Portrait: Cheikh Tidiane Gadio : la décadence ?

Le 21 novembre dernier, l’ancien ministre d’Etat Cheikh Tidiane Gadio a été arrêté et inculpé aux Etats-Unis pour une affaire de corruption au Tchad et en Ouganda au profit d’une société minière chinoise. Élu récemment député dans la 13ème législature. M Gadio fut l’indéboulonnable ministre des Affaires étrangères du président Wade qui avait fini par le proclamé meilleur ministre des affaires étrangères en Afrique.

Promoteur de l’Institut panafricain de stratégie,  SeneNews  fait une immersion dans le parcours de ce natif de Gadiobé qui a promis qu’il dansera la salsa avec son épouse jusqu’à ses 90 ans. Portrait

Elégance dans la mise, prestance dans la démarche, charme dans le regard et sympathie dans la vie de tous les jours, le Dr. Cheikh Tidiane Gadio est un homme ouvert, qui reste diplomate même sans son portefeuille. On lui reconnait les talents de négociateur et un partisan du fifty-fifty en cas de litige. Dans tous ces entretiens avec les médias,  cet ancien journaliste commence toujours à répondre à la première question par des civilités. Cheikh Tidiane Gadio est le fils d’El hadji Ousmane Alioune Gadiod, un ancien combattant de la Deuxième Guerre Mondiale et grand notable respecté dans le Fouta.

Né le 16 septembre 1956 à Gadiobé (Saint-Louis du Sénégal),   ce  «hal pulaar» pur jus, fut une icône du régime libéral de Wade. Pendant neuf, il a incarné la diplomatie sénégalaise, œuvrant pour la résolution de différentes crises entre le Sénégal et ses voisins, (Dakar-Nouakchott, Dakar-Banjul), mais aussi des crises qui sont loin des réalités du Sénégal, en Côte d’Ivoire, entre le Tchad et Soudan, etc.

Journaliste et docteur en communication, Cheikh Tidiane Gadio,  est  ancien enseignant du Centre d’Etude des Sciences et Techniques de l’Information (CESTI).
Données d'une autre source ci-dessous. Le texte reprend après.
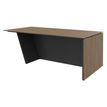 3253310544079-Bureau KHEOPS avec pied droit à droite - L200 - plateau imitation noyer - structure carbone--0
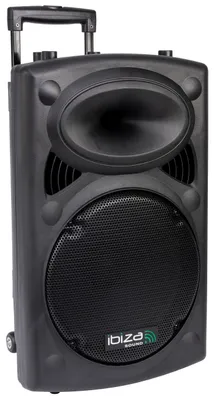 Produktbild von Ibiza Sound PORT12VHF, 350 W, 40 - 20000 Hz, Schwarz, Verkabelt & Kabellos, AC, Akku, 12 V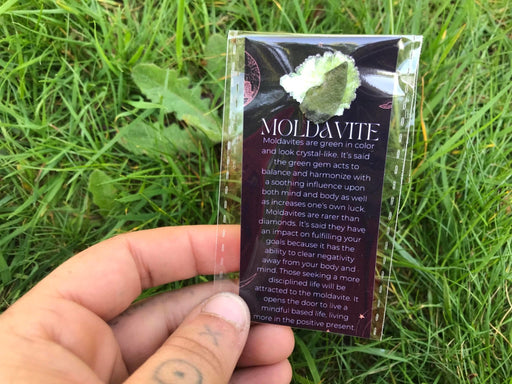 Moldaviitti siru 0.01-0.5g Moldavite Chips, Authentic Czech Moldavite Tektite - Tarotpuoti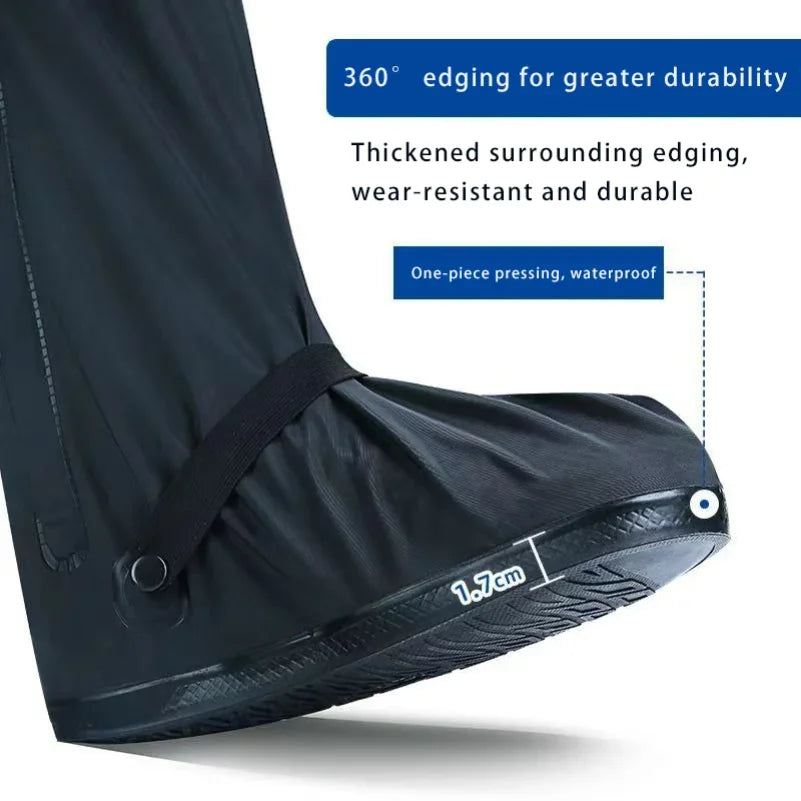 Waterproof Non-Slip Shoe Covers – Unisex Outdoor Rain Overshoes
Après son Bac obtenu au Prytanée militaire de Saint-Louis,  Gadio se rend à Paris pour des études sociologie et  en communication à Paris. Diplôme d’études approfondies en sociologie des moyens de communication obtenu à l’Université de Paris IV-Sorbonne (René Descartes) en 1984, il rentre à Dakar et se fait recruter au CESTI où il enseigne de De 1984 à 1988. Ses anciens étudiants gardent de lui l’image d’un «enseignant très proche des étudiants»
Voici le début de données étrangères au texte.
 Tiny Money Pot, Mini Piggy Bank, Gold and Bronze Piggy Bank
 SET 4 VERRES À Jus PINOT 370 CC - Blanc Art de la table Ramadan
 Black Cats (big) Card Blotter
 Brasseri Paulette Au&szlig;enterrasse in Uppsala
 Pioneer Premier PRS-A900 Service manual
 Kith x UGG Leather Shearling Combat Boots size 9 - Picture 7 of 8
« Gadio était tout le temps en tee-shirt et jeans. Il avait une grande proximité avec les étudiants. Son style très simple ne lui donnait pas les airs d’un universitaire », se rappelle Jean Pires du Soleil.

En quête de formation et de nouvelles aventures professionnelles, Gadio s’envole pour les Etats-Unis, où il  décroche un doctorat  en Communication à l’université d’Etat de l’Ohio.
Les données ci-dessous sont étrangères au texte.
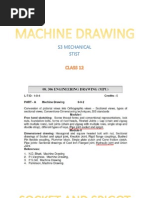 Machine Drawing S3 Mech [Class 12]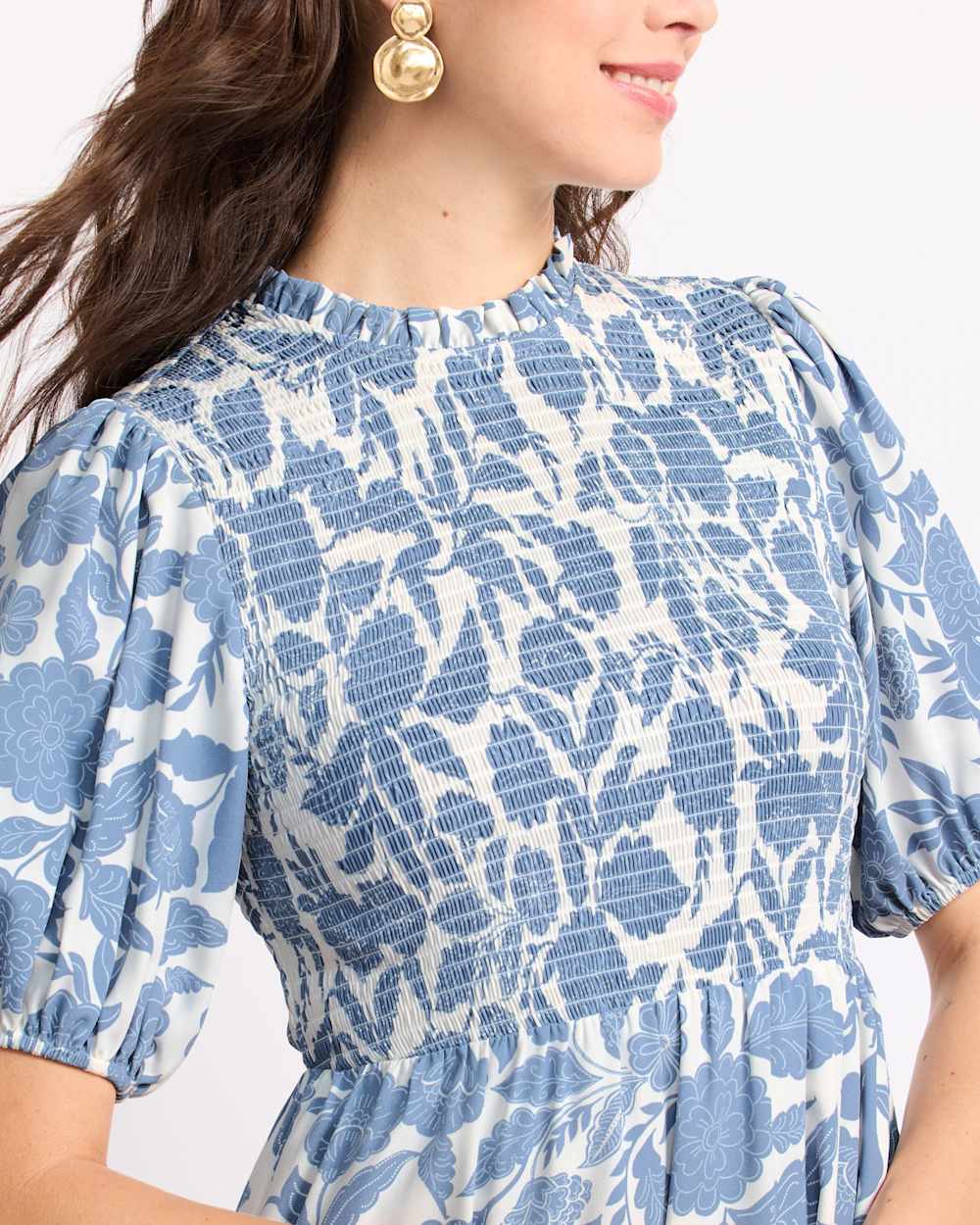 Gloria Tier Hem Puff Sleeve Dress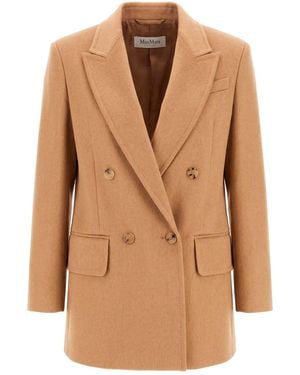 Max Mara Clothing Blazers & Gilets - Brown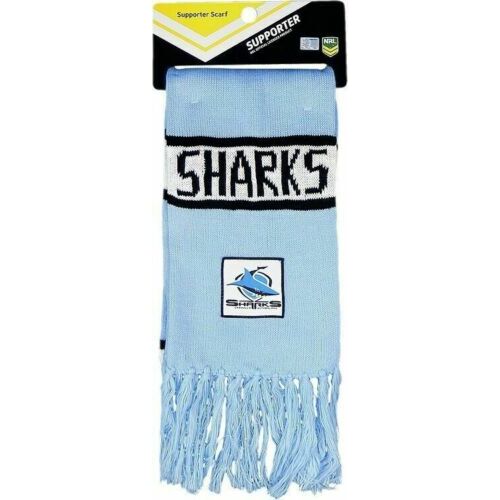 Cronulla Sutherland Sharks NRL Traditional Bar Scarf with tassels! BNWT's!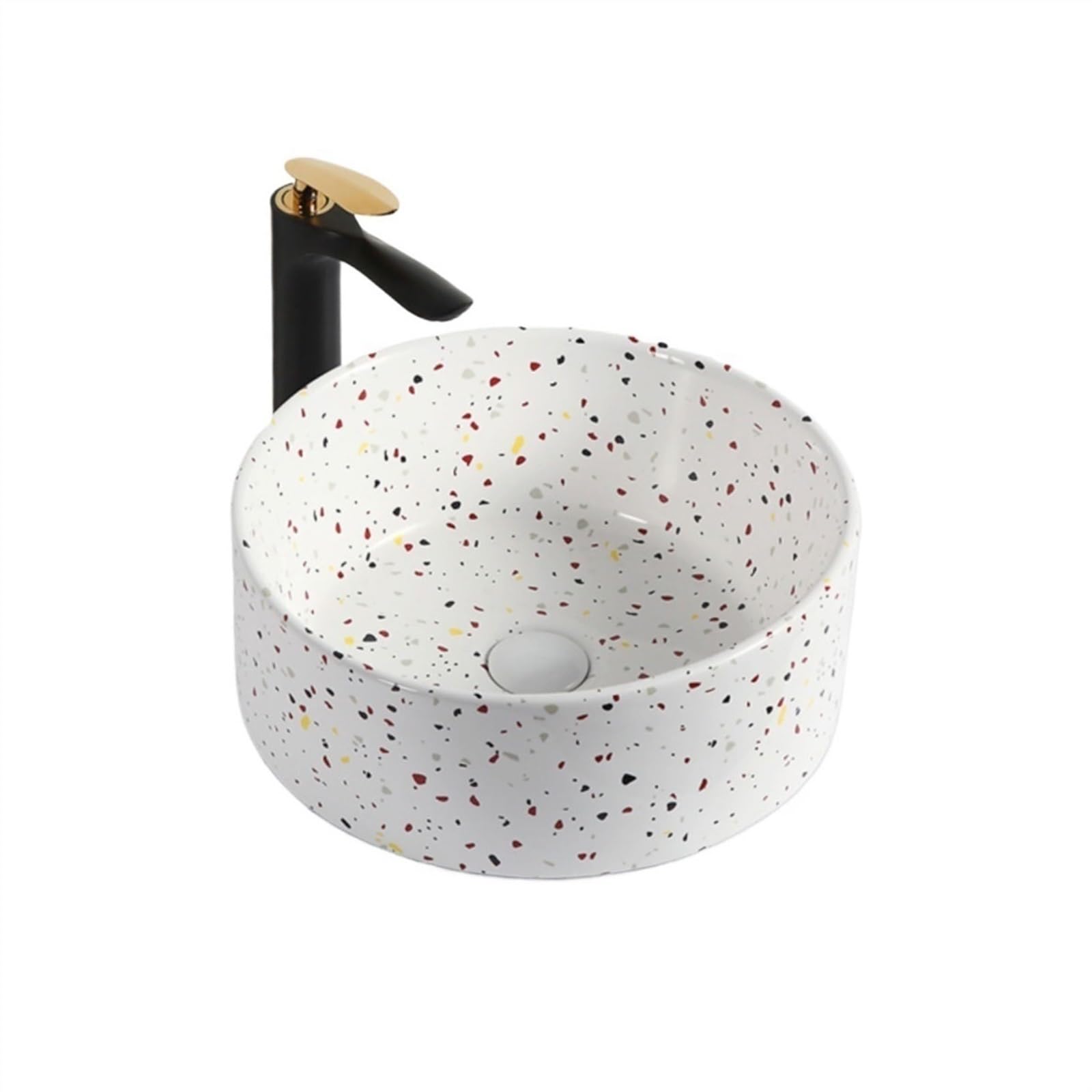 Sjdopulse Countertop Basin Countertop Basin Modern Simple Ceramic Countertop Basin Round Balcony Sink Dredging Bathroom Sink Bathroom Sink Ceramic Small Basin Bowl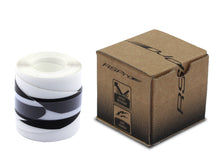 Load image into Gallery viewer, Stripes RSPro White Black SUP rail saver with packaging
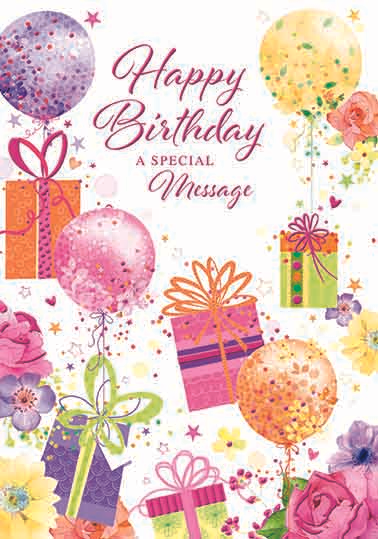 Simon Elvin 6 Pack Cards C50 Everyday Birthday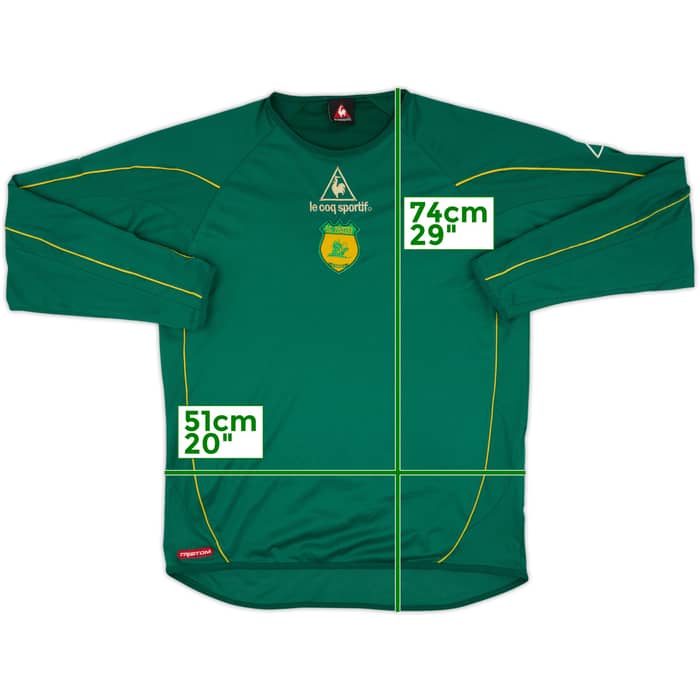 Camiseta de la tercera equipación de manga larga del Nantes 2002-03 - 5/10 - (L)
Etabli Outre-Atlantique,  Gadio est nommé coordinateur pour l’Afrique occidentale francophone du programme WorLD (World Links for Development) domicilié à la Banque mondiale à Washington. Consultant auprès de l’Unops (Bureau des Nations unies pour les services d’appui aux projets) en 1988, il a été directeur régional pour l’Afrique de Academic studies Abroad, une école pour la Formation internationale (Vermont) de 1998 à 1999.

C’est d’ailleurs en   étant à la tête de cette prestigieuse école que la Banque Mondiale le découvre et lui confite tous le programme IT pour aider l’Afrique à intégrer les nouvelles technologique  dans l’enseignement en Afrique.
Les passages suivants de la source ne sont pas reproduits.